Investing in direct property is a popular activity among SMSF trustees, but as Peter Hogan explains, there are many important facets to this activity requiring consideration.

Investing in direct property is an opportunity many SMSF trustees will consider. The clear advantages of owning direct property in an SMSF include receiving the rental income paid to the SMSF for use of the asset and a lower capital gains tax rate on selling the property. The rental income adds to your retirement savings and is taxed at the concessional rate of 15 per cent.

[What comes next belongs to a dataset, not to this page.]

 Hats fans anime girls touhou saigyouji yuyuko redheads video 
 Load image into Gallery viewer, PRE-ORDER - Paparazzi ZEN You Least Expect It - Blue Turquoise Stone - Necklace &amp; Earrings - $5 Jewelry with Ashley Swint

But there are disadvantages too, which include restrictions on the use by you, your relatives and other related parties, lack of diversification and dealing with unforeseen events, such as early death of a member, requiring the forced sale of the property at an inappropriate time.

The purpose for which direct property is used also has implications for how SMSF trustees can deal with certain properties. Is it owned to derive passive rental income, or is it used in a business context? Can SMSF trustees carry on business-like activities, such as property development activities, with direct property they own and what implications are there for the SMSF?

This article examines the relevant issues SMSF trustees need to be aware of to understand the consequences of their investment decisions concerning direct property.

Can an SMSF carry on a business of any kind?

A threshold question is whether the trustee of an SMSF, in their capacity as a trustee, can legally carry on a business at all. This was a question that was considered by the full Federal Court in Federal Commissioner of Taxation v Radnor Pty Ltd (1991). This decision made it clear that it is not correct to say the trustee of a superannuation fund can never, in any circumstances, carry on a business. However, the fact certain activities are being performed in the capacity of a fund trustee is an important and relevant consideration in determining whether business or business-like activities are being undertaken.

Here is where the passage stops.